Точного приговора я не помню и не могу привести. Но когда в нем были произнесены ясные слова: «Признаны виновными в преступлении, по закону не наказуемом», отвергались статьи, по которым мы были привлечены, как не подходящие к нам, и выдвигались другие, по которым не полагается даже наказания. И тут же отдалось распоряжение конвою освободить из-под стражи Сергея Булыгина и Сережу Попова, которые не были освобождены до суда и судились из тюрьмы под стражей. Публика сразу ахнула и радостно заволновалась. Послышался плач и даже рыдания; послышались радостные восклицания, и, несмотря на отданное распоряжение расходиться и очистить зал, никто и не думал уходить, все устремлялись к нам с радостными поздравлениями и, плача и радуясь, целовали нас и не выпускали из тесного круга; целовали наших свидетелей и поздравляли и их, целовались друг с другом и некоторые радостно крестились. Было видно, что вместе с нами весь зал был в напряженном положении и теперь почувствовал вдруг, как эта гора свалилась с плеч. И не только за нас, но и за себя, и за ту попранную войною христианскую идею любви и мира, которую суд должен был также пригвоздить ко кресту под флагом измены Родине, но однако не решился и не сделал этого.
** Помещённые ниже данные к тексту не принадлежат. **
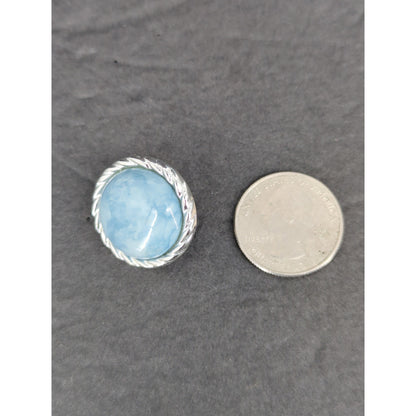 Vintage Pale Blue Faux Pearl Button Circle 80s Rhinestone Halo Clip On Earrings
Попробовали еще раз отдать распоряжение об уходе, но никто его не слушал и не выполнял. И даже сами судьи ни уходили и наконец спустились с эстрады и тоже протискались к нам и поздравили, а Абрамович долго ходил по эстраде и смотрел на волнующуюся и торжествующую публику, а затем подошел к краю и громко сказал:
— Хотя до Пасхи еще две недели, но я вижу, что здесь она наступила раньше, все братски лобызаются, — после чего и сам быстро сошел с эстрады и обнял и поцеловал каждого из нас на общую радость торжествующего зала. Поздравили и перецеловали нас и все наши защитники и не отходили от нас. И только не видно было генерала с рыжими усами, наблюдавшего за судом, и прокурора Гутора. Около часу продолжалось это праздничное торжество и ликование, и только после этого стали понемногу расходиться. И хочется верить, что в этот момент каждый из присутствующих переживал здесь в первый раз в своей жизни такую искреннюю и глубокую духовную радость, связанную с его совестью и религиозным чувством. Здесь в первый раз в своей жизни услыхал каждый о великом значении христианского жизнепонимания в его приложении к жизни, и, может быть, только тут и понял его значение и цену; узнал и всю великую неправду общественного и государственного режима, при котором, в нарушение исповедуемой народом религии, миллионы людей приносятся в жертву богу Молоху, при равнодушном попустительстве и одобрении как православного, так равно и инославного духовенства. Конечно, если бы в это время не шла война и суд был не при закрытых дверях, весь этот процесс был бы разнесен газетами по всему миру и послужил бы великой пропагандой для торжества христианства, но, к сожалению, об этом нельзя было писать ни строчки, и так он и прошел только в этих стенах и не мог получить широкой огласки.